=== Requirement ===
Reproduce word for word the lines between those holding "160 Sheets, Neon" and "Server room with damaged equipment", inclusive, and nothing else from the data below.

Entries taken from a collection:
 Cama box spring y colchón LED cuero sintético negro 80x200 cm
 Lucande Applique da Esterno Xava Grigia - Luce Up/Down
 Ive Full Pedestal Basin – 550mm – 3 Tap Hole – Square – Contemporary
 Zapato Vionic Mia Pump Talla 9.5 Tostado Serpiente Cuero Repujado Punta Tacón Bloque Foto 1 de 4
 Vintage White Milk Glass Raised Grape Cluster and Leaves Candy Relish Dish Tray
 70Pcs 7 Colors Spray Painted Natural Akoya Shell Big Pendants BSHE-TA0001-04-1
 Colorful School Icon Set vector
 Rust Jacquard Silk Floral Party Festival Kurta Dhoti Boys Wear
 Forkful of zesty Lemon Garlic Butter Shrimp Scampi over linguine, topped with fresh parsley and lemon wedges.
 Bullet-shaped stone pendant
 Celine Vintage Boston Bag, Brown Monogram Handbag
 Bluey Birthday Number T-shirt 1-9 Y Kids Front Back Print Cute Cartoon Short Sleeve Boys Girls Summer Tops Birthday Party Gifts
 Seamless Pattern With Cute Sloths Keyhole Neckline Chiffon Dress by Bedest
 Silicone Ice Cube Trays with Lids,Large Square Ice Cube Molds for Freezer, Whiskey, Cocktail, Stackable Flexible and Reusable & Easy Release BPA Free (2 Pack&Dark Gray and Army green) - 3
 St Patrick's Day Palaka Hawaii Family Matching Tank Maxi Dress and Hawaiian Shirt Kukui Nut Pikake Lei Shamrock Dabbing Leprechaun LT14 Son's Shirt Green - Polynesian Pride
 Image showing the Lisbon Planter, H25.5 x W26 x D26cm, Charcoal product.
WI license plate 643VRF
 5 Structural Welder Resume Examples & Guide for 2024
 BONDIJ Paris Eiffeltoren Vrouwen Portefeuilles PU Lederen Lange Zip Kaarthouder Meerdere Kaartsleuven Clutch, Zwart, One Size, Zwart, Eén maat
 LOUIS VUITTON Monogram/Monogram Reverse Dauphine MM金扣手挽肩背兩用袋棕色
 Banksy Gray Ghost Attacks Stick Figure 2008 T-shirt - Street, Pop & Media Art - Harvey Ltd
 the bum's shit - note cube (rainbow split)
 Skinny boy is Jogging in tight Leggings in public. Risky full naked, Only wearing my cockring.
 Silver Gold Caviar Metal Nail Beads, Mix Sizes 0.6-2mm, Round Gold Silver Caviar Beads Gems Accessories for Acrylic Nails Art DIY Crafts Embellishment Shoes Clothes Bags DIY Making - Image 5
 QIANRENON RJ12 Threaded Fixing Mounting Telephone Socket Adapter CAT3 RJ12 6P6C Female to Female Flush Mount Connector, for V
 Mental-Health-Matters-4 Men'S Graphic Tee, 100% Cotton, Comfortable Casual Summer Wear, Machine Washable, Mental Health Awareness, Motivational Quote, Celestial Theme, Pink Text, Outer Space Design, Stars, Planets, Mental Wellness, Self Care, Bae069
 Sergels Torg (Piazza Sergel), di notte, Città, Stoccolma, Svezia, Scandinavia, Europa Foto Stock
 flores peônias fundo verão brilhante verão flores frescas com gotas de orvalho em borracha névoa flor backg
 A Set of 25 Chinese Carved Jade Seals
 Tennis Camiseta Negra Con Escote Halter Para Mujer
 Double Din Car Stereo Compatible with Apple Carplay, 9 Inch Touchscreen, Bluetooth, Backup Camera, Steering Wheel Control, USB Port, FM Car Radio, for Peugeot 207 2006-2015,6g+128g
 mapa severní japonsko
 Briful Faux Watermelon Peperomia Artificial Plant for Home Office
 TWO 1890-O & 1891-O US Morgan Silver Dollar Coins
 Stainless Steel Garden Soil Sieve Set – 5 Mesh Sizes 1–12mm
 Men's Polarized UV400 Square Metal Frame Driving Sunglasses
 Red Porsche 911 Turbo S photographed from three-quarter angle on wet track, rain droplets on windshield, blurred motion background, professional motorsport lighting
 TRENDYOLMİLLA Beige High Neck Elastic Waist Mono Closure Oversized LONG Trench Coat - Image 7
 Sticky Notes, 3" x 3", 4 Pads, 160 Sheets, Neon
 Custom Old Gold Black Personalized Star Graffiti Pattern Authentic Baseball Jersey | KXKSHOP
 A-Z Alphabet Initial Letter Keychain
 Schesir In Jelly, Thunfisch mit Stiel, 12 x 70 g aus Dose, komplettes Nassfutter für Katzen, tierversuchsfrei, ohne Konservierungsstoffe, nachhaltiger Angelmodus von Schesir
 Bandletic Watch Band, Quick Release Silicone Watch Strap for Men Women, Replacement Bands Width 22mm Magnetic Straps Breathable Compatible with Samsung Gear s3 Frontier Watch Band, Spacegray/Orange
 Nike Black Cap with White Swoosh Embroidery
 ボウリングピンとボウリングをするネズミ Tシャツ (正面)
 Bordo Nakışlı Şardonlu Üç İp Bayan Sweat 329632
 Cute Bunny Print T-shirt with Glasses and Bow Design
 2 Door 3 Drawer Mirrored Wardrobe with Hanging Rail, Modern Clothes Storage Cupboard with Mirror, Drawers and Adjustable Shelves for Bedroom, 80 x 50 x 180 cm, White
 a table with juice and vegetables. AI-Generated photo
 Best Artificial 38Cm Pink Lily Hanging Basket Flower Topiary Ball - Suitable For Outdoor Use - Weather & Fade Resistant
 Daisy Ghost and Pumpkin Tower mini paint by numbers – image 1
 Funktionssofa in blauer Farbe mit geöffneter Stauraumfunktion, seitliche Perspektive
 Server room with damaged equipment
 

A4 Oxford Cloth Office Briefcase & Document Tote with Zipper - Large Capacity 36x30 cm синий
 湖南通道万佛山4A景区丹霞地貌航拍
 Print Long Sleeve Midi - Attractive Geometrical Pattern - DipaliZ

=== Written solution ===
 Sticky Notes, 3" x 3", 4 Pads, 160 Sheets, Neon
 Custom Old Gold Black Personalized Star Graffiti Pattern Authentic Baseball Jersey | KXKSHOP
 A-Z Alphabet Initial Letter Keychain
 Schesir In Jelly, Thunfisch mit Stiel, 12 x 70 g aus Dose, komplettes Nassfutter für Katzen, tierversuchsfrei, ohne Konservierungsstoffe, nachhaltiger Angelmodus von Schesir
 Bandletic Watch Band, Quick Release Silicone Watch Strap for Men Women, Replacement Bands Width 22mm Magnetic Straps Breathable Compatible with Samsung Gear s3 Frontier Watch Band, Spacegray/Orange
 Nike Black Cap with White Swoosh Embroidery
 ボウリングピンとボウリングをするネズミ Tシャツ (正面)
 Bordo Nakışlı Şardonlu Üç İp Bayan Sweat 329632
 Cute Bunny Print T-shirt with Glasses and Bow Design
 2 Door 3 Drawer Mirrored Wardrobe with Hanging Rail, Modern Clothes Storage Cupboard with Mirror, Drawers and Adjustable Shelves for Bedroom, 80 x 50 x 180 cm, White
 a table with juice and vegetables. AI-Generated photo
 Best Artificial 38Cm Pink Lily Hanging Basket Flower Topiary Ball - Suitable For Outdoor Use - Weather & Fade Resistant
 Daisy Ghost and Pumpkin Tower mini paint by numbers – image 1
 Funktionssofa in blauer Farbe mit geöffneter Stauraumfunktion, seitliche Perspektive
 Server room with damaged equipment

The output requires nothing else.